The difference between old time radio and television or film, and something of its major strengths, is
always that it is audio-only.
[…] about Big Data — Part Three (the final and somewhat scary part). (Click these links for Part 1 and Part 2 of the series if you missed them last week.) This is required reading for […]
If you could have data stored over a SD Card and want to experiment with it back while using UD9004, it offers to be whether
JPEG, WAV, WMA, MP3, Divx or AAC file. It has excellent playback
quality, providing you using the ultimate home movie experience.
Can you convert scart to hdmi Comb filters include glass, digital, and 3DY, and differing types provide different degrees of quality, but ultimately, it’s better to own one
than not.
If you’re looking for the decent quality TV that offers you a great deal of features and adjustment options without hurting your financial allowance, the Panasonic TX-L32X20B might be described as a
good choice.
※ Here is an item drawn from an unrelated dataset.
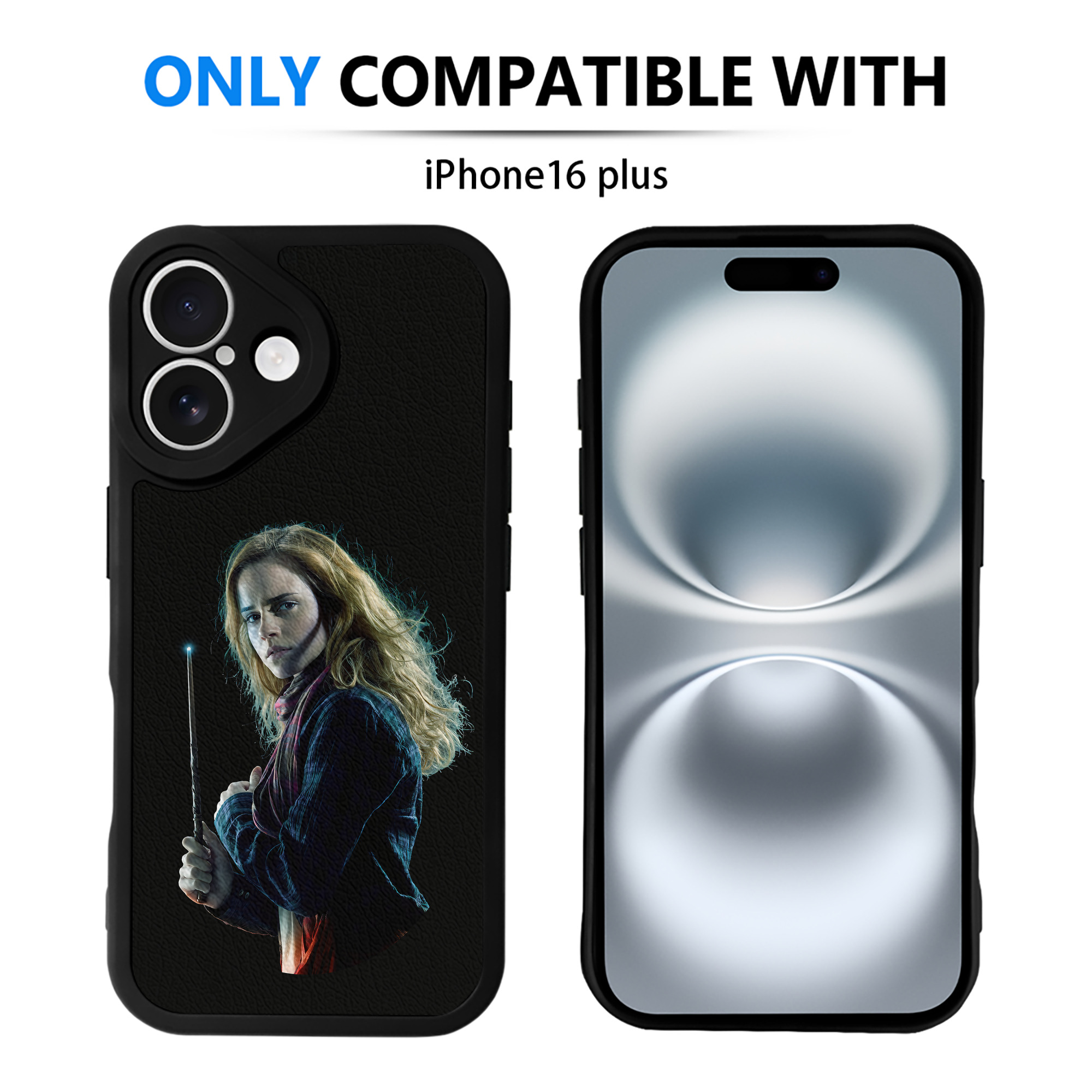 （画像用） Harry Potter ハリー・ポッターシリーズ 【iPhone 16シリーズ対応】シリコンスマホケース（レザー調） 材質：シリコン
You may want these features to plug
in a very memory card or USB drive for playing your media, including videos that you simply
take or maybe your personal DVDs that you just’ve ripped.
With havin so much content do you ever run into any issues of
plagorism or copyright violation? My site has a lot of exclusive content I’ve either authored myself
or outsourced but it appears a lot of it is popping
it up all over the web without my agreement. Do you know any techniques to
help prevent content from being stolen? I’d definitely appreciate it.